Seit der Zeit des Römischen Reiches, aber eigentlich seit dem Mittelalter, ist das Christentum das universelle Bindeglied, der gemeinsame kulturelle Nenner verschiedener Völker in Europa. Die politische Einsicht unseres ersten Königs zeigt sich darin, dass er sich dem lateinischen Christentum anschloss, damit unsere Zugehörigkeit zum Westen deutlich machte und mit der Annahme der Papstkrone unsere unabhängige Staatlichkeit erklärte.
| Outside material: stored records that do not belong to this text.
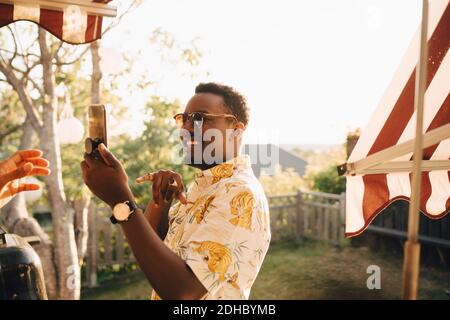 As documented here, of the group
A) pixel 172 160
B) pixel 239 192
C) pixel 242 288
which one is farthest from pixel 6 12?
pixel 172 160

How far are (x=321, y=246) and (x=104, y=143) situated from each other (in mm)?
8396

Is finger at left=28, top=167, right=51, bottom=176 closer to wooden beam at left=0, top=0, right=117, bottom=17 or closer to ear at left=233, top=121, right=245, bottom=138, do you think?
wooden beam at left=0, top=0, right=117, bottom=17

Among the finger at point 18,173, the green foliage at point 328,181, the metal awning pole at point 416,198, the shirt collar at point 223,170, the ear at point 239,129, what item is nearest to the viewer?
the metal awning pole at point 416,198

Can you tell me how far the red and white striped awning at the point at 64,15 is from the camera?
66.7 inches

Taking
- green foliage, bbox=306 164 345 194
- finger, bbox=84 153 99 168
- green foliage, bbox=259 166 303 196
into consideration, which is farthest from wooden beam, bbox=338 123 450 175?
green foliage, bbox=259 166 303 196

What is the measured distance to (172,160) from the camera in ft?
26.9

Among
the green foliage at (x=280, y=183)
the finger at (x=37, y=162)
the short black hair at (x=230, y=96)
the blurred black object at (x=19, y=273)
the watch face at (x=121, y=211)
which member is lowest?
the green foliage at (x=280, y=183)

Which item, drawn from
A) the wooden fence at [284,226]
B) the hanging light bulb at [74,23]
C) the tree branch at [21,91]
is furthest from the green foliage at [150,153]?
the hanging light bulb at [74,23]

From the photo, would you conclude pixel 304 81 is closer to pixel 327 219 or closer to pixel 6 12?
pixel 327 219

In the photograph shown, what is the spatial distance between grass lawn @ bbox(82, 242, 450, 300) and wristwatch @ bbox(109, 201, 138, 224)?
528 centimetres

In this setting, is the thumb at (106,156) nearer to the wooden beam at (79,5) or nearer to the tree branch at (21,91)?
the wooden beam at (79,5)

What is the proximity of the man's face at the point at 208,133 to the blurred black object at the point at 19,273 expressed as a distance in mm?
780

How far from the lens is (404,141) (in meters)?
1.91

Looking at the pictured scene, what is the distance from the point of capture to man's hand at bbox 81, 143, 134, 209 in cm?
133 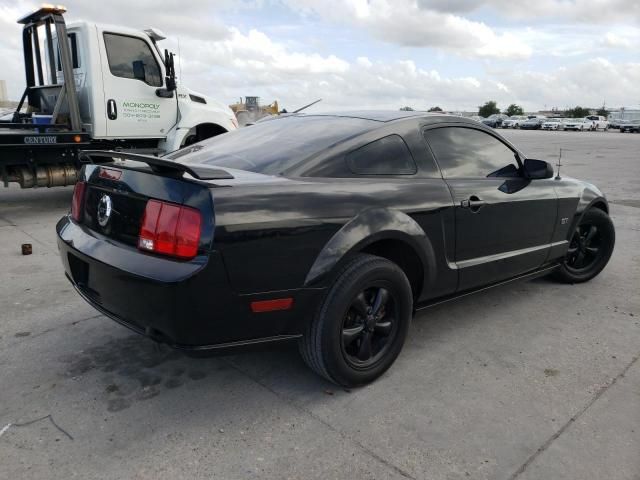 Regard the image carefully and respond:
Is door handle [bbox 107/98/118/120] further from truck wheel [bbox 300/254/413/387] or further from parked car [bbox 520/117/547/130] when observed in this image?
parked car [bbox 520/117/547/130]

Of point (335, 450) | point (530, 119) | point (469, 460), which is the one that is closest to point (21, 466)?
point (335, 450)

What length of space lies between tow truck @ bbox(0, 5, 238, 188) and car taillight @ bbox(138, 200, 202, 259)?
5681 millimetres

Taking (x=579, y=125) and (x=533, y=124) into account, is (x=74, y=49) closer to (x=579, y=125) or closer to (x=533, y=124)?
(x=579, y=125)

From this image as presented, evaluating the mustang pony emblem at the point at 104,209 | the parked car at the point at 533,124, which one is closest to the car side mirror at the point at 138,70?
the mustang pony emblem at the point at 104,209

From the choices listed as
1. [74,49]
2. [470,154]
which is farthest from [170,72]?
[470,154]

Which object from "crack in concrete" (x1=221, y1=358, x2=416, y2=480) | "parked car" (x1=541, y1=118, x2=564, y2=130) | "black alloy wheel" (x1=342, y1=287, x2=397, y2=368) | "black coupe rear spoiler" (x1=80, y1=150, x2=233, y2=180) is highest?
"parked car" (x1=541, y1=118, x2=564, y2=130)

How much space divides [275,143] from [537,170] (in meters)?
1.91

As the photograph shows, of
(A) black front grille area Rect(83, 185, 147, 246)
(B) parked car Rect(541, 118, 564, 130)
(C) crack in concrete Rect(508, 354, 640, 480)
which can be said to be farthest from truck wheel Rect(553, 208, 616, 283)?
(B) parked car Rect(541, 118, 564, 130)

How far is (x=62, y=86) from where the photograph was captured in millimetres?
7609

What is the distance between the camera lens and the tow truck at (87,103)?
24.0 feet

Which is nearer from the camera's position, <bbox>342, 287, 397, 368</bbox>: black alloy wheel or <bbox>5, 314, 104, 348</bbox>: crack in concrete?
<bbox>342, 287, 397, 368</bbox>: black alloy wheel

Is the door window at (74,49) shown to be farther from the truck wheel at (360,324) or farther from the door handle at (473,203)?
the truck wheel at (360,324)

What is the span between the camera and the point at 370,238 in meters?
2.73

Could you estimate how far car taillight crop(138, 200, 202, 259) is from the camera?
2277 mm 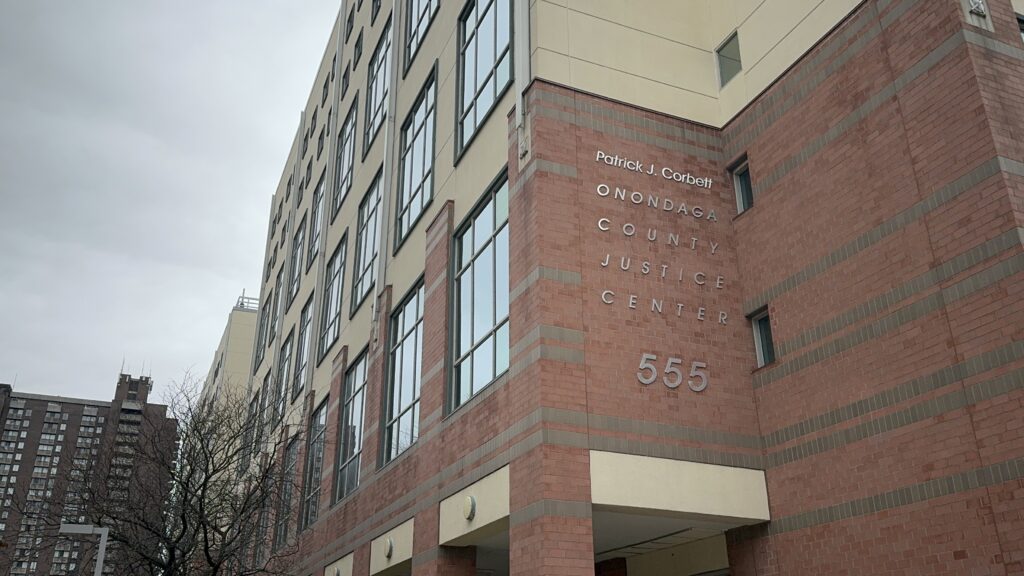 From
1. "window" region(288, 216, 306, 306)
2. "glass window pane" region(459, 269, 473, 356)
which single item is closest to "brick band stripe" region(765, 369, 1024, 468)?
"glass window pane" region(459, 269, 473, 356)

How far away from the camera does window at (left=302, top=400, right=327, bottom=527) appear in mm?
28516

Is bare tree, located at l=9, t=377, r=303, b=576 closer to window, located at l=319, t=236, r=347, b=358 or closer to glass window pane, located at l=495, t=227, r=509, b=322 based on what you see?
window, located at l=319, t=236, r=347, b=358

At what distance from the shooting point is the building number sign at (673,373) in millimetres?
14477

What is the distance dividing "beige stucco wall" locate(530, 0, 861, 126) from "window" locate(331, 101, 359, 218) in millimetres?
16800

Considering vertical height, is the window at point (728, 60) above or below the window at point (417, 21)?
below

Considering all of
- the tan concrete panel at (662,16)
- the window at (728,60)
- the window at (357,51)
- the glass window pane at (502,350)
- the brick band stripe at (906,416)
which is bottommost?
the brick band stripe at (906,416)

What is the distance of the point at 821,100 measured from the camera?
49.0 ft

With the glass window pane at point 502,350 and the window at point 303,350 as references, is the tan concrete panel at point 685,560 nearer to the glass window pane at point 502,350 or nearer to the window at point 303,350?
the glass window pane at point 502,350

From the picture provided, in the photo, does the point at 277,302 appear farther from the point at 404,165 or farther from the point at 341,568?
the point at 341,568

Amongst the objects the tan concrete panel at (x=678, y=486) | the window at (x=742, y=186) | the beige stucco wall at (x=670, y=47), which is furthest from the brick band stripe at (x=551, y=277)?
the window at (x=742, y=186)

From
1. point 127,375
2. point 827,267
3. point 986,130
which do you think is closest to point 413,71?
point 827,267

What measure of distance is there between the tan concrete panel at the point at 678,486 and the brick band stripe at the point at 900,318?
182cm

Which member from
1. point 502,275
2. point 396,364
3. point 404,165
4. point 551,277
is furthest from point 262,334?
point 551,277

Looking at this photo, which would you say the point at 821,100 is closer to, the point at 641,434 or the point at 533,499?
the point at 641,434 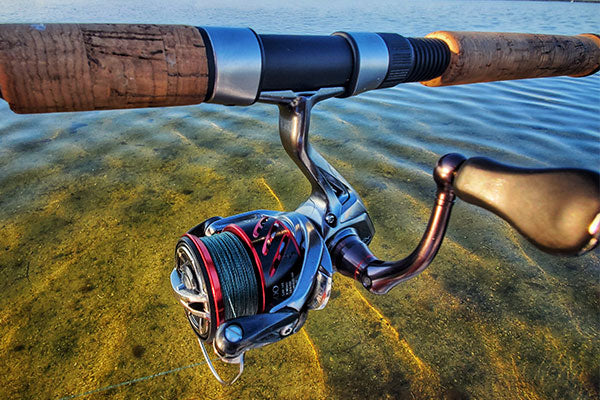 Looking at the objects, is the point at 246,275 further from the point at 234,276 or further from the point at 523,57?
the point at 523,57

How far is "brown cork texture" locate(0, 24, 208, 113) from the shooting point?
2.54ft

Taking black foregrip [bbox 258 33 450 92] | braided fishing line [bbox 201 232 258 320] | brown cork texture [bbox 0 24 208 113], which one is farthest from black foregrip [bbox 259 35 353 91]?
braided fishing line [bbox 201 232 258 320]

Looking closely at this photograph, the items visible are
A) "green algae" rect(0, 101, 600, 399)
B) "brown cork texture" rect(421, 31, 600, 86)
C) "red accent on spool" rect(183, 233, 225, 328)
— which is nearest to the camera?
"red accent on spool" rect(183, 233, 225, 328)

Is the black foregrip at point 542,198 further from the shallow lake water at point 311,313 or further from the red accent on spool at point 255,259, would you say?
the shallow lake water at point 311,313

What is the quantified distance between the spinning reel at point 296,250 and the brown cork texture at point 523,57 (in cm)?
61

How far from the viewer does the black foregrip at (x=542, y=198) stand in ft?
2.15

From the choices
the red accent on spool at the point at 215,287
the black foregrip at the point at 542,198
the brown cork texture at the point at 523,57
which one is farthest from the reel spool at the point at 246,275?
the brown cork texture at the point at 523,57

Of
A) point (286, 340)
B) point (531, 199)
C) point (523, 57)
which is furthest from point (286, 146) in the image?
point (523, 57)

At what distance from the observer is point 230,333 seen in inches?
38.2

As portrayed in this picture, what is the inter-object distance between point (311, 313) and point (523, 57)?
137 centimetres

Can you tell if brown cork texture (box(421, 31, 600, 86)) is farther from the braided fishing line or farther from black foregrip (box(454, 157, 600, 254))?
the braided fishing line

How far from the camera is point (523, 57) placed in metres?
1.57

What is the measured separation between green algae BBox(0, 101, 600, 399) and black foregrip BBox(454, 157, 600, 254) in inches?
41.6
Die Krone symbolisierte auch, dass ihr Träger der Auserwählte Gottes ist, dessen Macht von Gott kommt, er also ein souveräner Herrscher ist, also auch sein Land unabhängig ist. Die Tätigkeit von Szent István als Staatsorganisator bedeutete gleichzeitig, die Grundlagen der öffentlichen Verwaltung zu legen, die öffentliche Ordnung zu festigen und den christlichen Glauben und die christlichen Bräuche durch den Bau des Kirchengebäudes zu verbreiten.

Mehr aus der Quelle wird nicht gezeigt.